Find out the molarity of $30g\,of\,CO{(N{O_3})_2}.6{H_2}O$ in $4.3L$ of solution.

Answer 1

Hint: In order to answer this question, to find the molarity of the given compound in the solution, first we will find the Molar mass of the given compound to calculate the Number of moles in the given compound.
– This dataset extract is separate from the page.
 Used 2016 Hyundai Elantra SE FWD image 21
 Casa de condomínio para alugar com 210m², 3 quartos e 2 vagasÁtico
And finally we will find the molarity with the help of the number of moles that we found.

Complete answer:
Given that-
Mass of the given compound $ = 30g$
Quantity of solution $ = 4.3L$
So, now we will apply the formula to find the number of moles of the given compound:
$\therefore No.\,of\,Moles = \dfrac{{mass\,of\,the\,compound}}{{Molar\,Mass}}$
As we don’t know the molar mass of the given compound, so we will first find the molar mass of the given compound, $CO{(N{O_3})_2}.6{H_2}O$ :
$\because $ Molar mass of $CO{(N{O_3})_2}.6{H_2}O$
$ = 58.7 + 2(14 + 3 \times 16) + 6(2 + 16) = 290.7g.mo{l^ - }$
So, now we can find the number of moles-
$ \Rightarrow No.\,of\,Moles = \dfrac{{30}}{{290.7}} = 0.1032moles$
Now, we can find the Molarity with the help of no. of moles by applying the formula of Molarity:-
$
  \therefore Molarity = \dfrac{{No.\,of\,Moles}}{{quantity\,of\,solution}} \\
  = \dfrac{{0.1032}}{{4.3}} = 0.024M \\
 $
Hence, the molarity of the given compound in the respective solution is $0.024M$ .

Note:
One of the most popular measures used to quantify the concentration of a solution is molarity $(M)$ , which shows the number of moles of solute per litre of solution \[\left( {moles.Litr{e^{ - 1}}} \right)\] . Molarity is a unit of measurement that can be used to determine the volume of a solvent or the amount of a solute.